The entries below must be retyped exactly. Pictures are to be omitted.
---
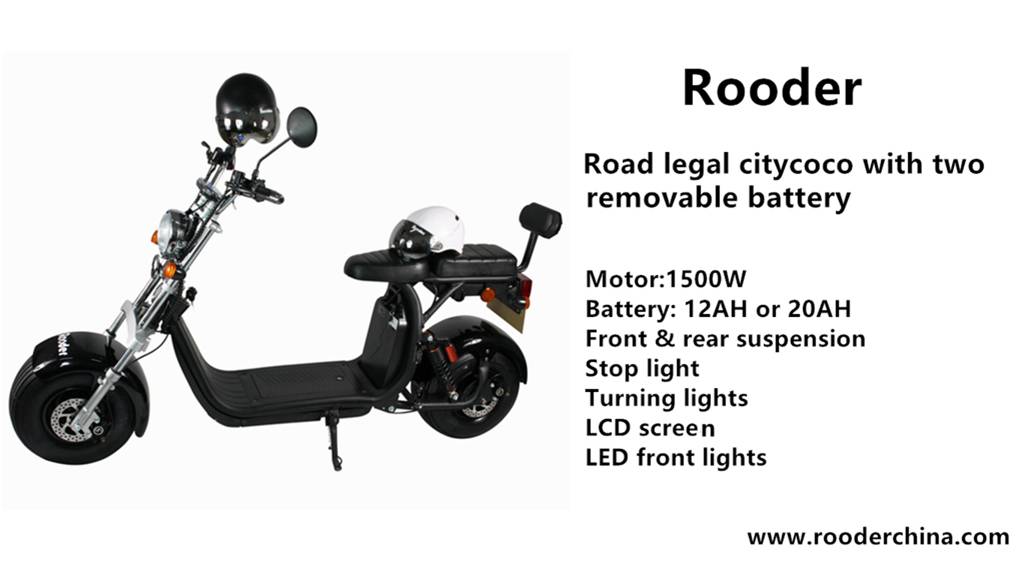 Rooder EEC & COC citycoco harley electric scooter ☆R36CP1000JA000001☆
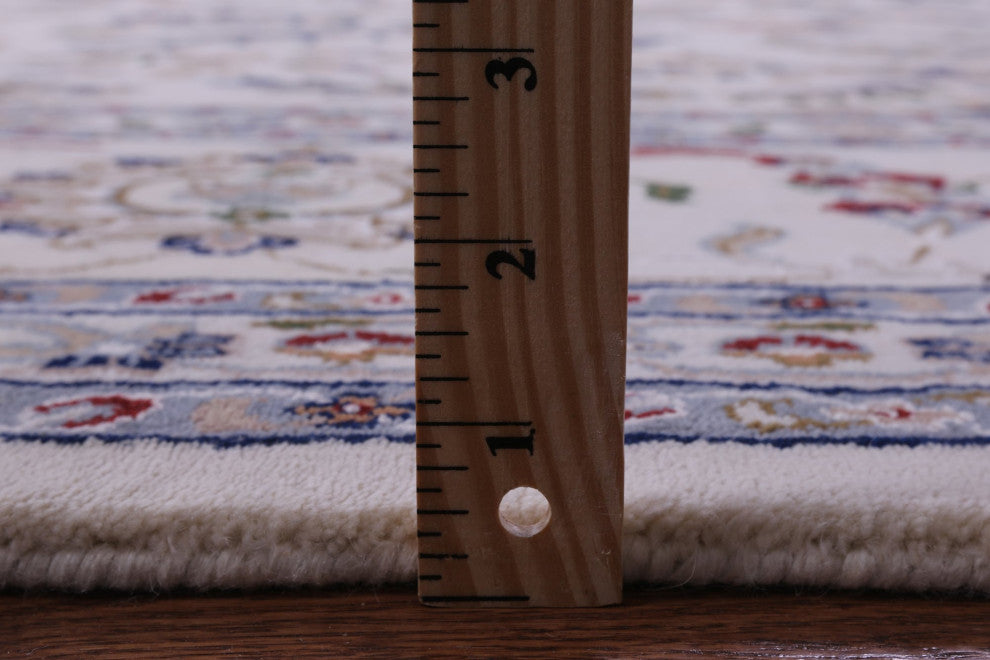 10' 7" X 17' 5" Wool and Silk Persian Nain Hand Knotted Rug Q9349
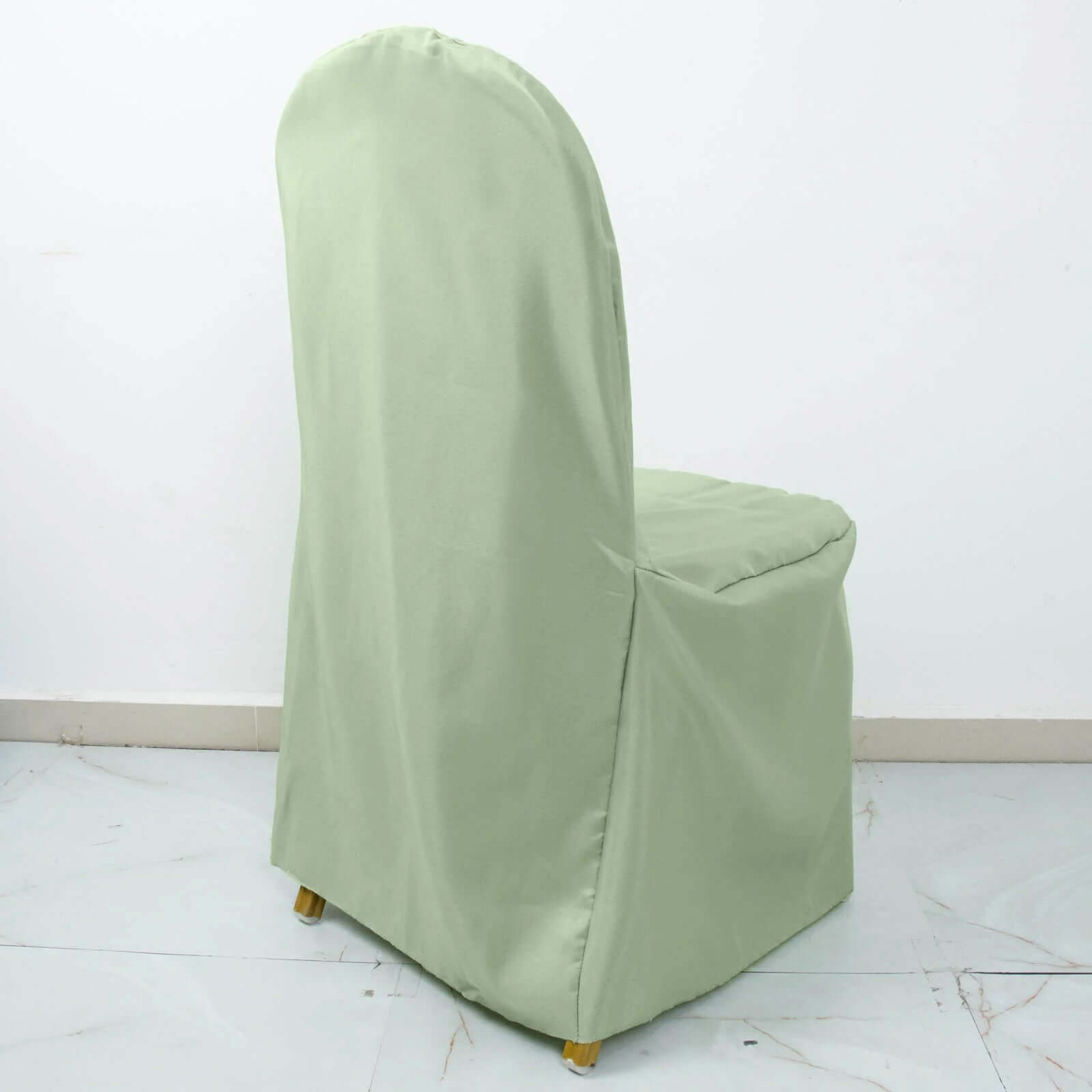 10-Pack Sage Green Polyester Stain-Resistant Slip-On Chair Covers for Banquets - Great Deal!
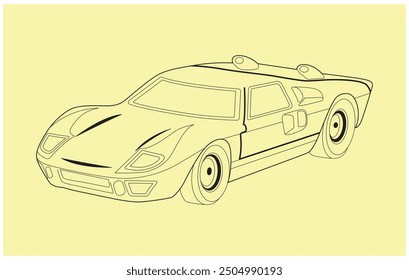 A hand drawn line art car.Classic car outline vector on white transparent background.
.American automobile outline.outline car vector illustration.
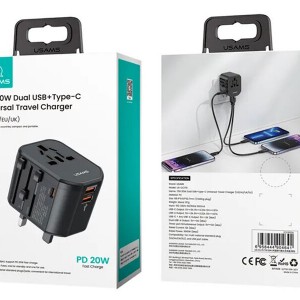 شارژر مسافرتی دو یواس‌بی، یک تایپ‌سی و یک سوکت برق 20 وات یوسامز USAMS US-CC179 T59 20W USB+Type-C Universal Travel Charger 20W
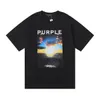 Purple Designer Purple T-shirt Purple Mens High Street Couple Luxury Lettre de luxe Tee Womens All-Match Tissu lavé Tissu imprime Black Blanc White Casual Fashion Shirt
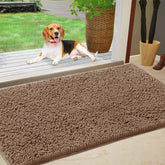 IM HOME Chenille Absorbent Door Mat camel colour front view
---
## Response area:
 Rooder EEC & COC citycoco harley electric scooter ☆R36CP1000JA000001☆
 10' 7" X 17' 5" Wool and Silk Persian Nain Hand Knotted Rug Q9349
 10-Pack Sage Green Polyester Stain-Resistant Slip-On Chair Covers for Banquets - Great Deal!
 A hand drawn line art car.Classic car outline vector on white transparent background.
.American automobile outline.outline car vector illustration.
 شارژر مسافرتی دو یواس‌بی، یک تایپ‌سی و یک سوکت برق 20 وات یوسامز USAMS US-CC179 T59 20W USB+Type-C Universal Travel Charger 20W
 Purple Designer Purple T-shirt Purple Mens High Street Couple Luxury Lettre de luxe Tee Womens All-Match Tissu lavé Tissu imprime Black Blanc White Casual Fashion Shirt
 IM HOME Chenille Absorbent Door Mat camel colour front view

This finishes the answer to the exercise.